EXTRACTED RECORDS.
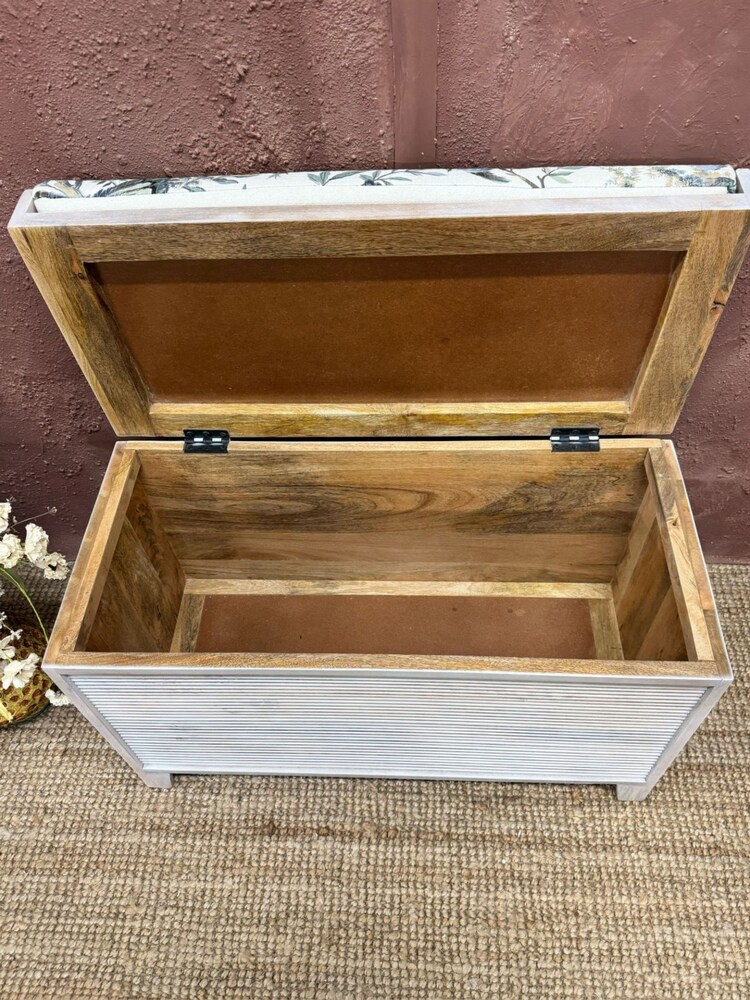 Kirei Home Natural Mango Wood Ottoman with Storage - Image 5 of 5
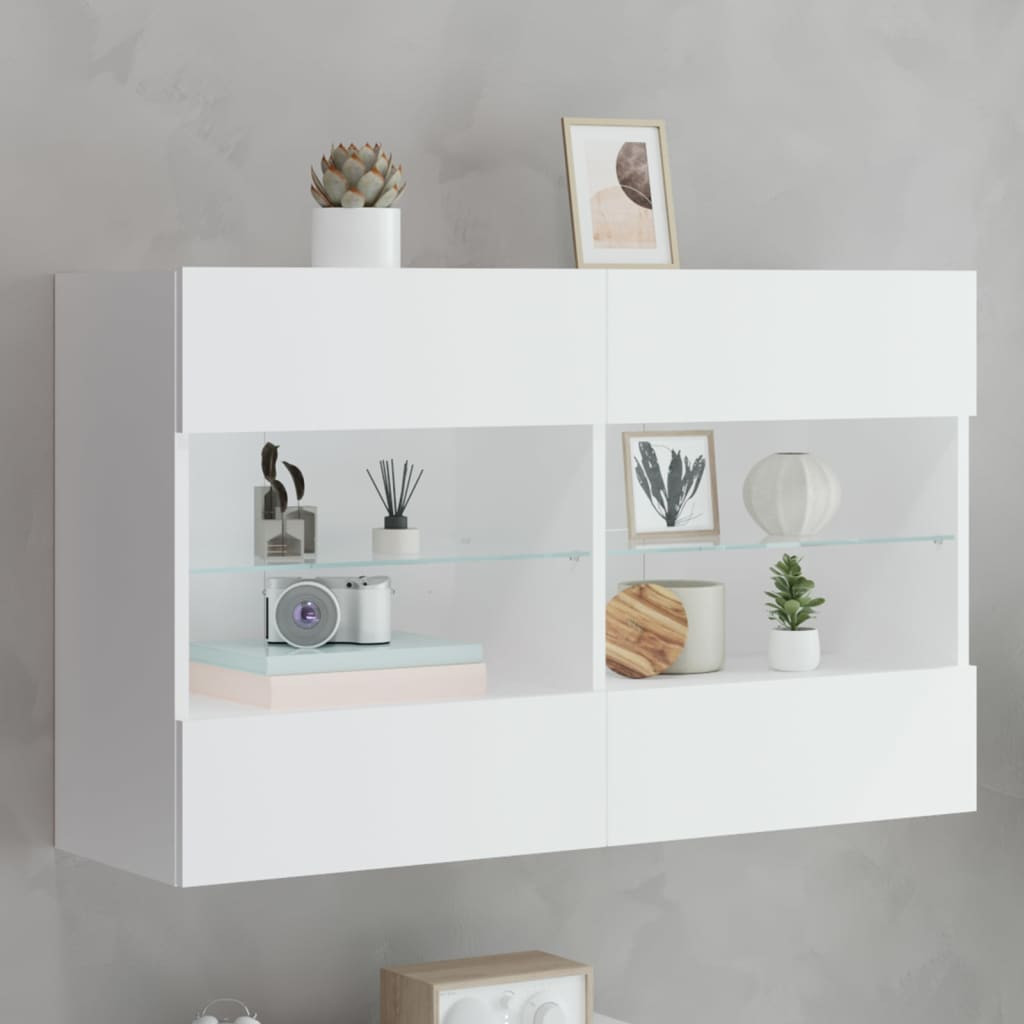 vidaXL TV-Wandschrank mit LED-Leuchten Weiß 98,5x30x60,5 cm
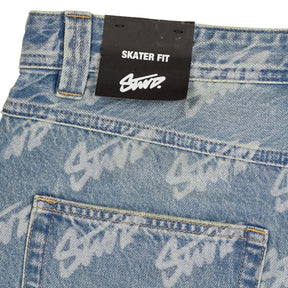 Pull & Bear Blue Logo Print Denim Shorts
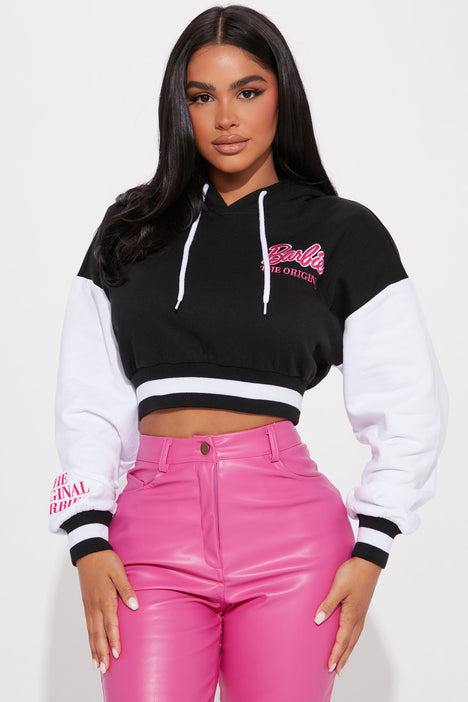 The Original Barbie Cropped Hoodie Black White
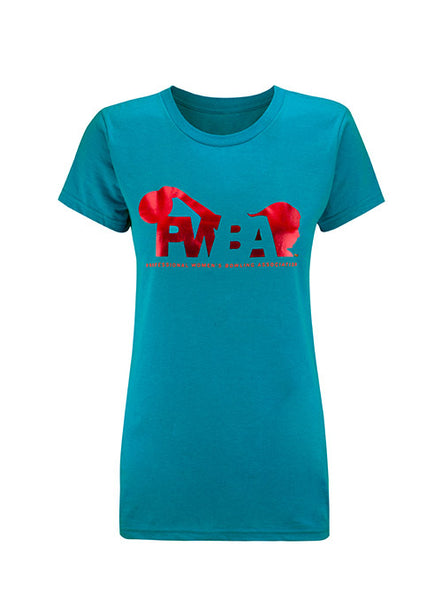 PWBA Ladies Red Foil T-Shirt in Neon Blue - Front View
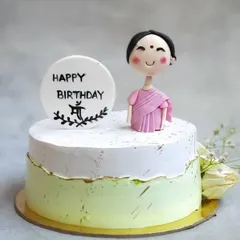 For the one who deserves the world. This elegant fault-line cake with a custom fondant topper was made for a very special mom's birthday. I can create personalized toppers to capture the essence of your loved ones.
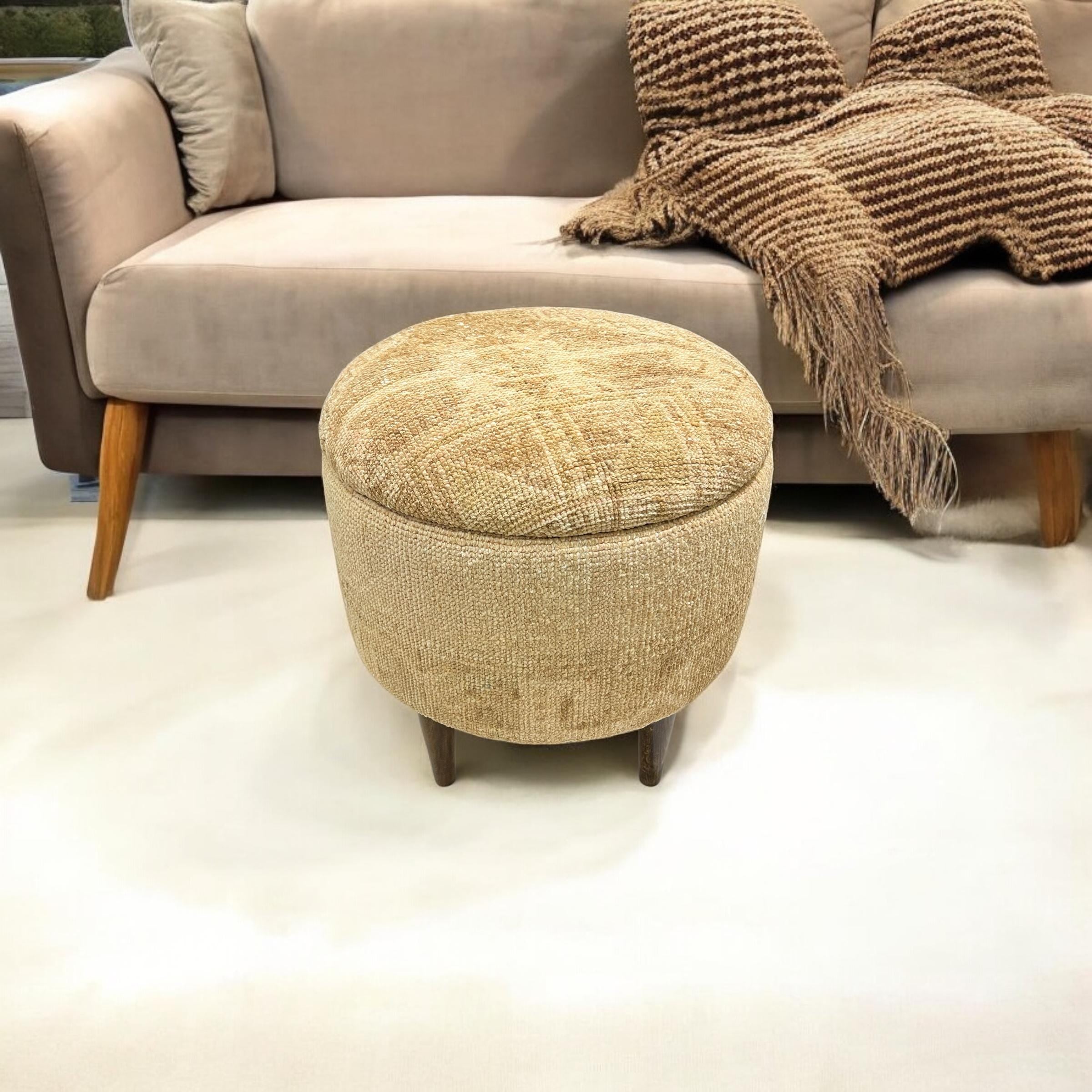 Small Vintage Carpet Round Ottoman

---

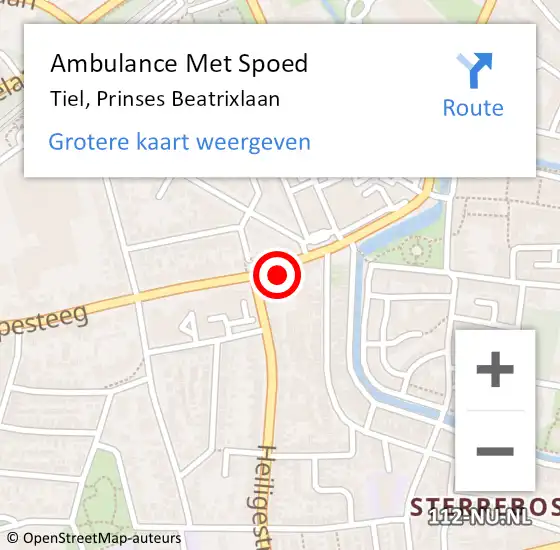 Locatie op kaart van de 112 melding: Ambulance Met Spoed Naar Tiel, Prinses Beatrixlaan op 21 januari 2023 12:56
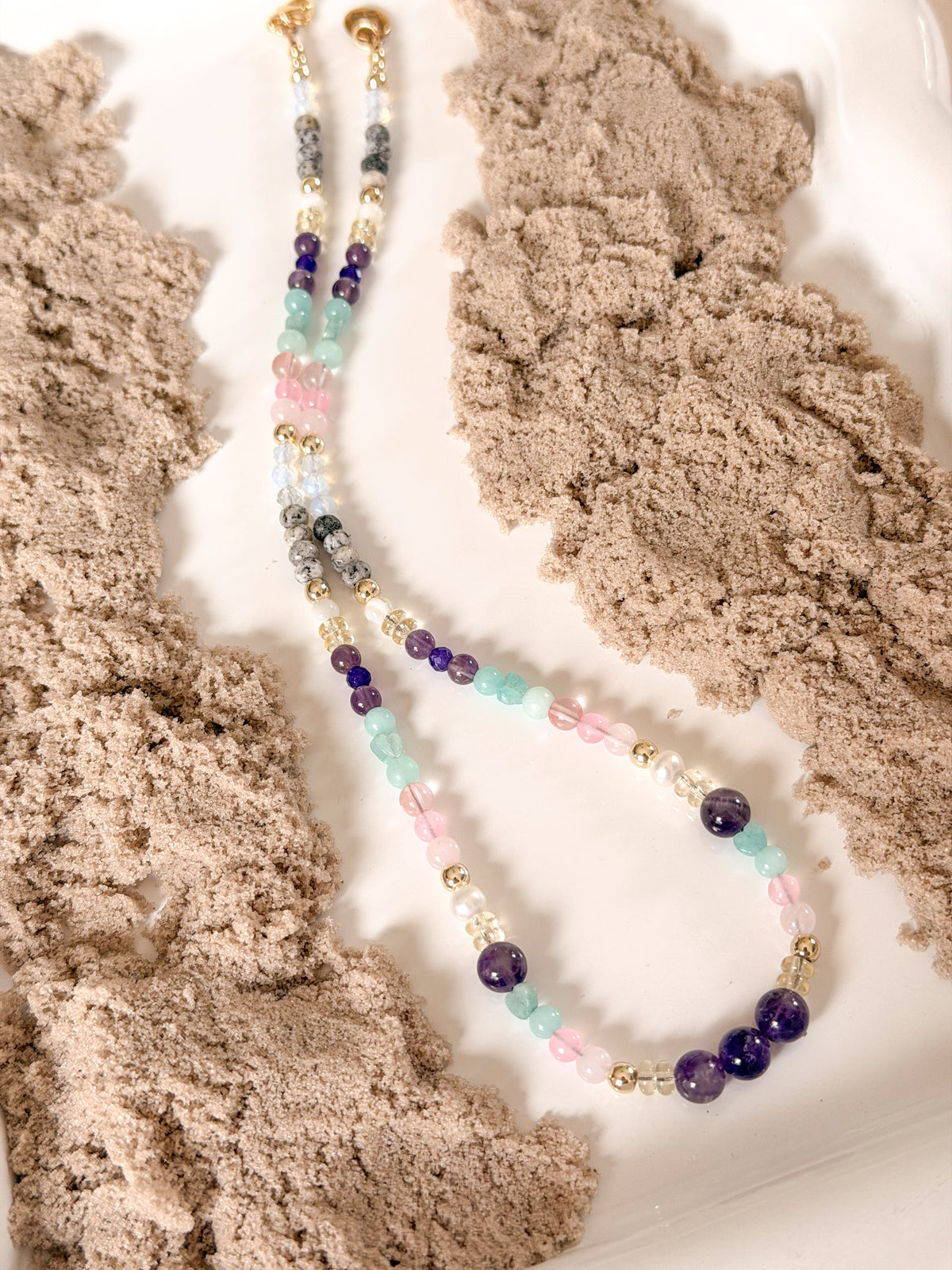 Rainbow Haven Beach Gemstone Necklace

YOUR OBJECTIVE. Transcribe, word for word, the lines of the listing above from the one that contains "For the one" through the one that contains "Small Vintage Carpet Round Ottoman", keeping both ends and dropping the pictures.

YOUR RESPONSE.
 For the one who deserves the world. This elegant fault-line cake with a custom fondant topper was made for a very special mom's birthday. I can create personalized toppers to capture the essence of your loved ones.
 Small Vintage Carpet Round Ottoman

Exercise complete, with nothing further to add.